── Data below ──

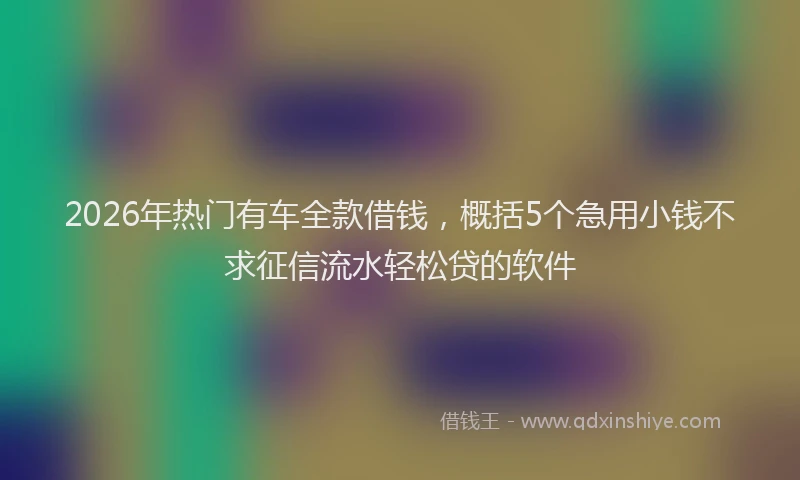 2026年热门有车全款借钱,概括5个急用小钱不求征信流水轻松贷的软件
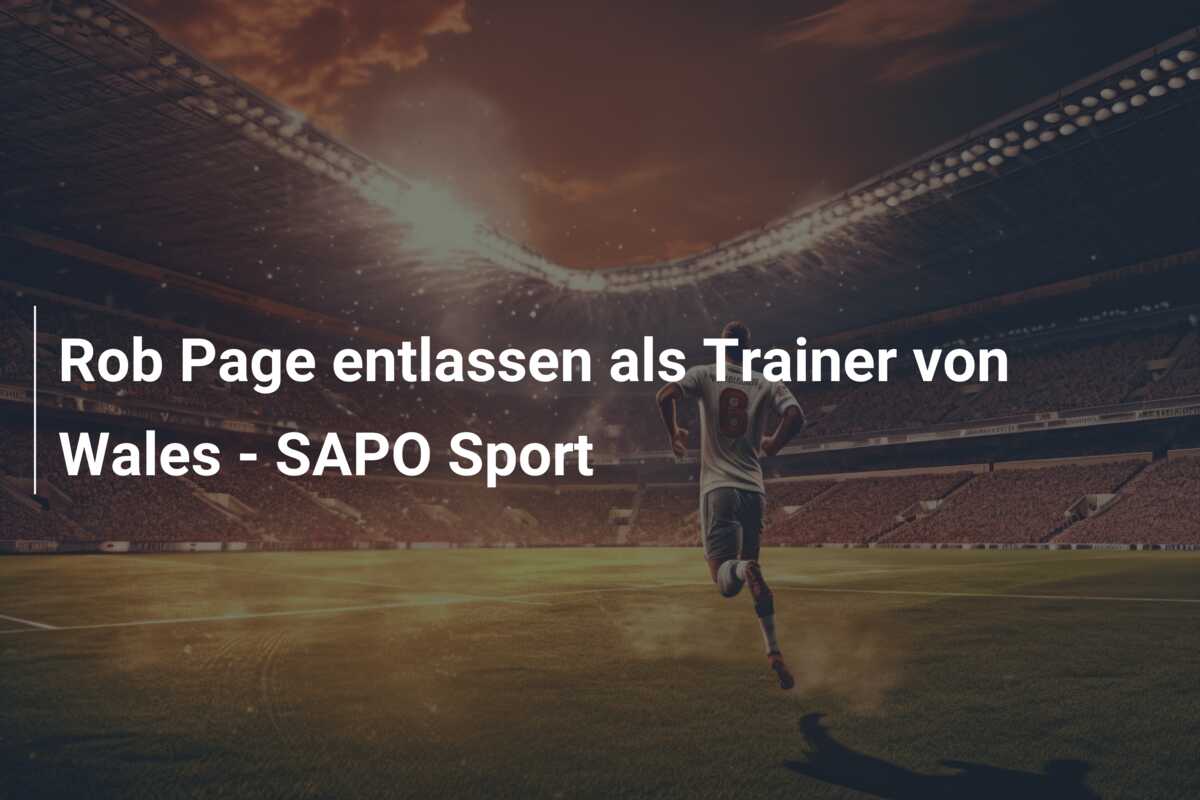 Rob Page entlassen als Trainer von Wales – SAPO Sport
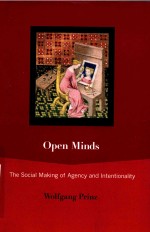 OPEN MINDS  <em>THE</em> <em>SOCIAL</em> MAKING <em>OF</em> AGENCY AND INTENTIONALITY
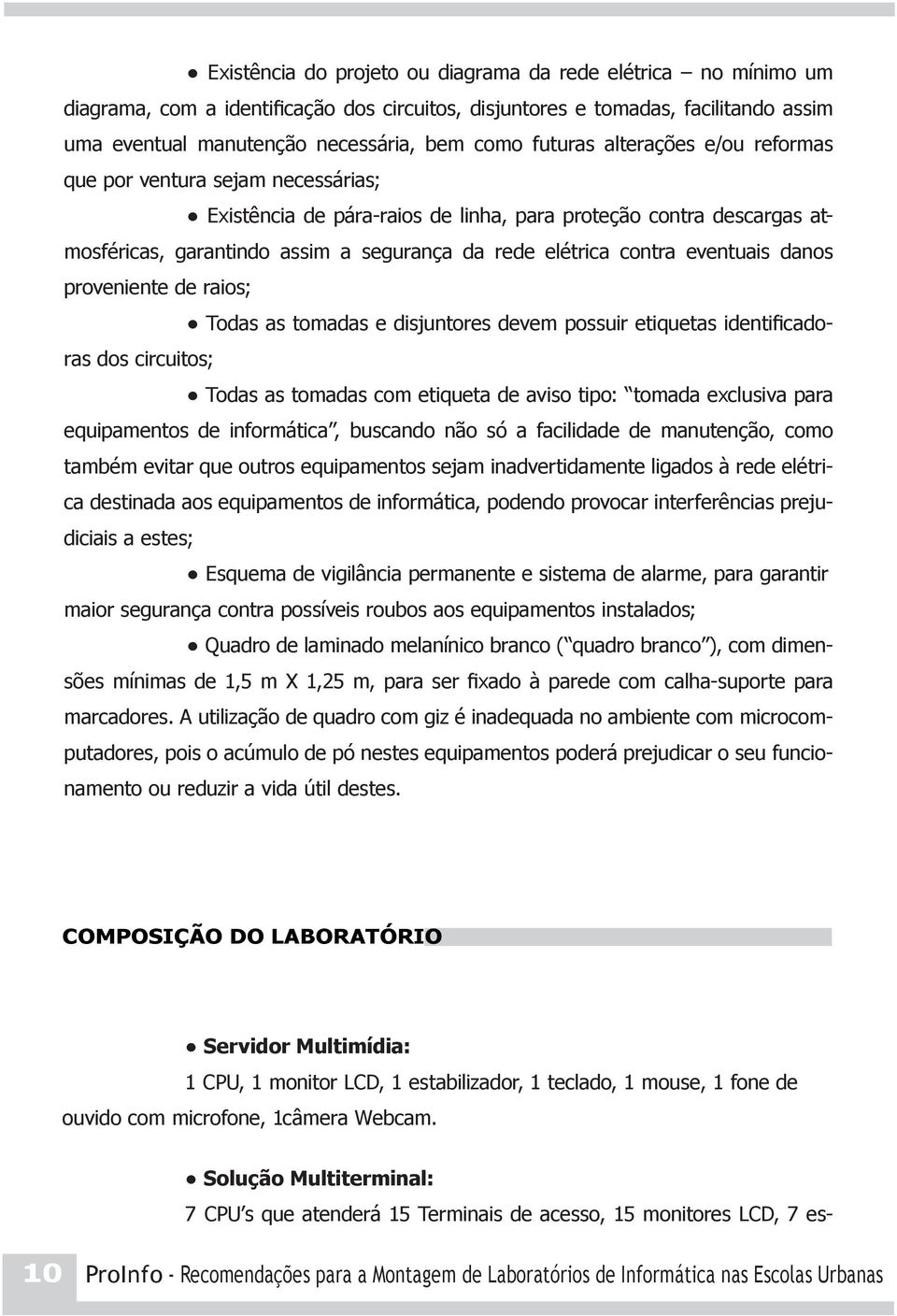 contra eventuais danos proveniente de raios; Todas as tomadas e disjuntores devem possuir etiquetas identificadoras dos circuitos; Todas as tomadas com etiqueta de aviso tipo: tomada exclusiva para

───

## What is required:
All of the material above must be retyped exactly, line for line, with the images dropped.

## Answer for the task:
 2026年热门有车全款借钱,概括5个急用小钱不求征信流水轻松贷的软件
 Rob Page entlassen als Trainer von Wales – SAPO Sport
 OPEN MINDS  <em>THE</em> <em>SOCIAL</em> MAKING <em>OF</em> AGENCY AND INTENTIONALITY
 contra eventuais danos proveniente de raios; Todas as tomadas e disjuntores devem possuir etiquetas identificadoras dos circuitos; Todas as tomadas com etiqueta de aviso tipo: tomada exclusiva para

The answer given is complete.